Though both Italian and Dutch Baroque art often dealt with religious themes, they dealt with them in different ways, in accord with the theological worldviews of, respectively, Catholicism and Protestantism.
Many works of the Italian Baroque were commissioned by Popes, cardinals, and other powerful clerics, who wanted to use art as a way of enhancing the status of the Church as a cultural powerhouse, especially in the wake of the Protestant reformation. These men also wanted to boost their own reputations as patrons of the arts.
The lavish style of the Italian Baroque lent itself to the use of art as propaganda. Baroque artists in Italy deliberately made their works as elaborate as possible in an attempt to project the power of the Roman Catholic Church to a population that was still overwhelming illiterate and therefore susceptible to being impressed by powerful images.

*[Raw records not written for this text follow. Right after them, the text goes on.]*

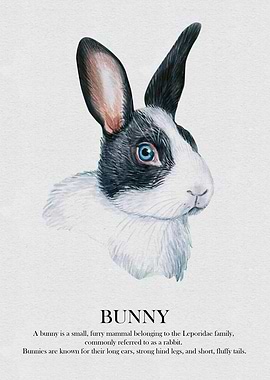 Black and White Bunny Watercolor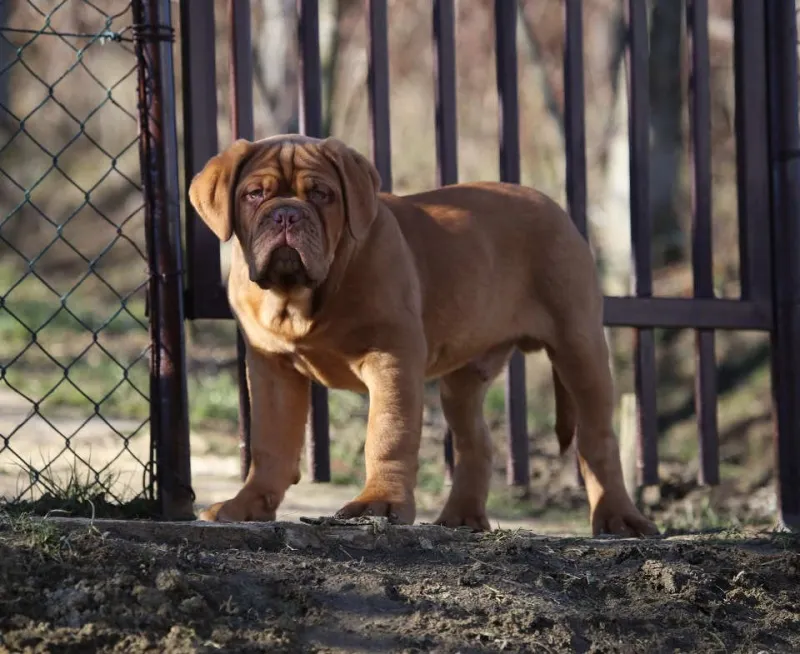 BORDOSKE DOGE stenci na prodaju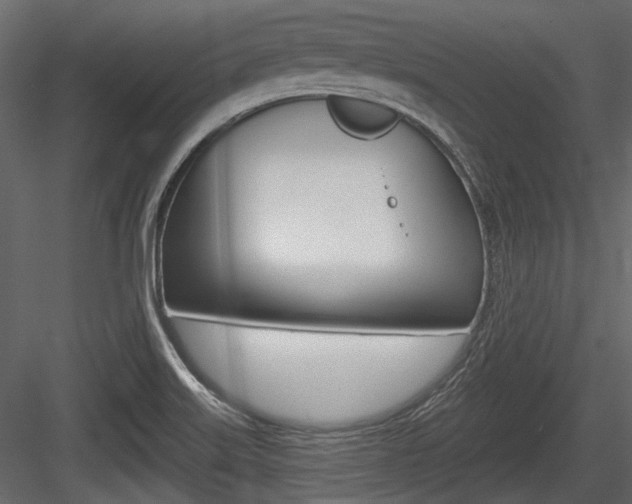 X0000084601515200702231022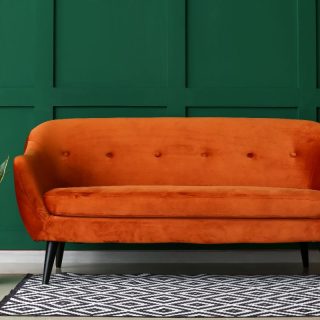 orange modern velour couch with snake plant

These paintings often conveyed a religious and political message as well as a biblical narrative to the illiterate masses who were not able to read the bible themselves.
The Dutch Baroque, in contrast, painted religious scenes that often expressed the overriding importance of the Bible in Protestantism. For Protestants, the Bible was the undisputed word of God, the sole repository of truth. And some Dutch artists of the Baroque sought to illustrate this veneration of Holy Scripture by painting scenes from the Bible in the hope of edifying the masses.
Generally speaking, however, religious themes were much less prominent in the Dutch Baroque than in its Italian counterpart. This was mainly because of the growing secularization of Dutch society that followed from the Reformation. Without the Catholic Church as a patron, the void for patronage was filled by prosperous tradesmen and merchants who invariably wanted portraits of themselves and their families as a way of enhancing their social status, to show that they'd arrived in society.
Nevertheless, such bourgeois were overwhelmingly righteous Protestants, and as well as adorning the walls of their houses with self and family portraits, they also covered them with suitably edifying scenes from the Bible.